- [PROBLEM REQUIREMENTS]: Lift out, unaltered, the lines of the material below between the line holding "Vtech Spiral Songs And Animals Multicolor" and the line holding "New Balance 2010", counting both.

BEGIN

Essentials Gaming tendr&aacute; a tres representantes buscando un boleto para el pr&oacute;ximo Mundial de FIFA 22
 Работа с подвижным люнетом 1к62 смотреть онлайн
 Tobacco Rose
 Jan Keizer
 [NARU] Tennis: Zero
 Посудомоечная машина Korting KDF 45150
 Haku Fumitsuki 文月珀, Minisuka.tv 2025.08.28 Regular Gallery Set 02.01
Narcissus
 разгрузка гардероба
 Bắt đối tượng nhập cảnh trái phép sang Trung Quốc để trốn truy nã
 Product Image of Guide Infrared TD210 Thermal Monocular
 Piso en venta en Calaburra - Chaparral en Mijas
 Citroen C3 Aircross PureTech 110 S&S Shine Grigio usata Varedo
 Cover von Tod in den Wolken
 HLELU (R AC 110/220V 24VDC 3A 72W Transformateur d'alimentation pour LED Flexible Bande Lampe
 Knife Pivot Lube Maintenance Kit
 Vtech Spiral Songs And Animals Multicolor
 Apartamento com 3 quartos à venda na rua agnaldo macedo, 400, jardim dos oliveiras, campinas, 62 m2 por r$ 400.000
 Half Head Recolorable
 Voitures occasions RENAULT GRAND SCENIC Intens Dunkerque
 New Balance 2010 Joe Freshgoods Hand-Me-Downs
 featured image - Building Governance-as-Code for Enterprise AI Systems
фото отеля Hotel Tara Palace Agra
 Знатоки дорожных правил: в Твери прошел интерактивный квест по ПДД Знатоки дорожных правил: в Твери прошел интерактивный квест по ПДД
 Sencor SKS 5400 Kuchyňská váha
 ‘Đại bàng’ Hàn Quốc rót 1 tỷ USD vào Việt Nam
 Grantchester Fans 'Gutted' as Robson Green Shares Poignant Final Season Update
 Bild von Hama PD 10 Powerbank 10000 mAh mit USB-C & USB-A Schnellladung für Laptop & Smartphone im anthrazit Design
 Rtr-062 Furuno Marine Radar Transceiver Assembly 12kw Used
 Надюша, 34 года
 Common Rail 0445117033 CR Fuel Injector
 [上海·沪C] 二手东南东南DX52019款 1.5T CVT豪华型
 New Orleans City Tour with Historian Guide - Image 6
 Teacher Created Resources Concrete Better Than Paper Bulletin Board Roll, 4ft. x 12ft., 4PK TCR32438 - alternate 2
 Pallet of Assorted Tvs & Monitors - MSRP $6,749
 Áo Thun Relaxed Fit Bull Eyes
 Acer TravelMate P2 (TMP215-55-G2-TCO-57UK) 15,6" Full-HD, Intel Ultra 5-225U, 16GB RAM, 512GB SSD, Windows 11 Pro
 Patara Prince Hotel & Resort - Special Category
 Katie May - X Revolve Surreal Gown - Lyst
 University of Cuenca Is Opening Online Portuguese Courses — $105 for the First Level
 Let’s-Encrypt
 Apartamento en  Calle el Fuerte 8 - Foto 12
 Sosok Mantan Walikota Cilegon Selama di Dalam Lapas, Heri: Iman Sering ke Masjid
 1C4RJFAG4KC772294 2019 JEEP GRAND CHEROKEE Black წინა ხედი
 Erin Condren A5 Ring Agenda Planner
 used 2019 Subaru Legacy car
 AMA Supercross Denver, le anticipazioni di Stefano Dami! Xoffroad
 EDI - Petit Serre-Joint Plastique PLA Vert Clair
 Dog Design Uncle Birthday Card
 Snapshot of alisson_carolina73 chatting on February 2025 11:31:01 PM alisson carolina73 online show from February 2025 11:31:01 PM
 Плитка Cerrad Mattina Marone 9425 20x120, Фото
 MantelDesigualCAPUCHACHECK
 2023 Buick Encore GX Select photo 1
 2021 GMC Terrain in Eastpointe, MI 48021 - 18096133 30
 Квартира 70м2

END

- [TASK OUTPUT]:
 Vtech Spiral Songs And Animals Multicolor
 Apartamento com 3 quartos à venda na rua agnaldo macedo, 400, jardim dos oliveiras, campinas, 62 m2 por r$ 400.000
 Half Head Recolorable
 Voitures occasions RENAULT GRAND SCENIC Intens Dunkerque
 New Balance 2010 Joe Freshgoods Hand-Me-Downs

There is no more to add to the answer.